Behaviour modification taking root in Hanover

Published: Tuesday | September 11, 2012 Comments 0
Gardner
Gardner

Barrington Flemming, Gleaner Writer

WESTERN BUREAU:

THE HANOVER Victim Support Unit is reporting at least one positive impact from the decline in lottery-scam activities in the parish.

The organisation is claiming that the glamour that used to attract students to scammers is steadily diminishing and is resulting in positive behaviour modification.

Gary Gardner, the coordinator of the Victim Support Unit in the parish, told The Gleaner that for the first six months of the year, the number of incidents of girls being lured away from school by young boys with flashy cars and cash is on the decline.

Gardner, nonetheless, said there is still some amount of concern where people are arrested and let out early, giving the impression that they are untouchables.

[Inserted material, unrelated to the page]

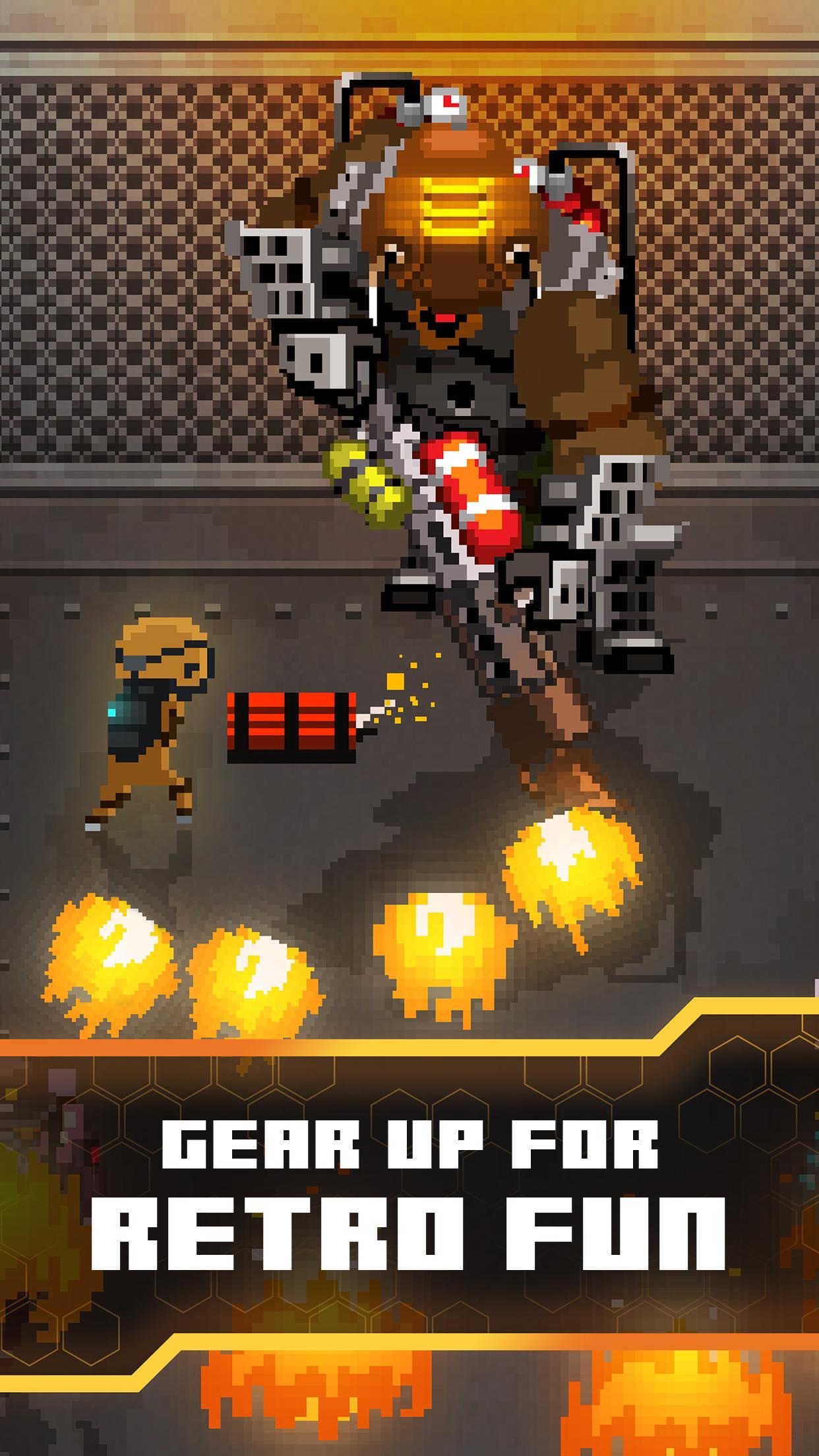 Скриншот игры Evil Factory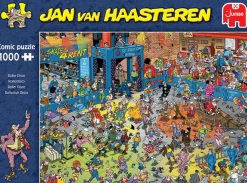 Palapeli 1000 palaa van Haasteren Roller Disco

"We still have a number of reports of carnal abuse and rape, but we have had a decline in the number of reports we usually receive. Up to June this year, we had 16 rape cases and eight cases of carnal abuse," said Gardner.

"We are still tallying our statistics for some other issues of concern, but indications are pointing to a decline."

According to Gardner, during the period under review, his office received 71 reports of behaviour issues involving school-age children. He said the behaviour is generally triggered by a situation where children try to take advantage of lack of strict supervision.

ISSUES ADDRESSED

The report took into account factors such as anger problems, conflicts leading to fights, underlying family issues (recognised after assess-ment), absentee parents and children living in environments they are uncomfortable with.

"In rural areas, parents establish informal boundaries, which are not agreed on by the child or children … . Another problem we encounter is that the line of communication is oftentimes blighted by other concerns including making ends meet, frustration, so what should be normal now becomes a luxury," said Gardner.

He also indicated that there was a parental deficit, which gives rise to behaviour challenge in the children, noting that isolation of parents is almost a retrograde step.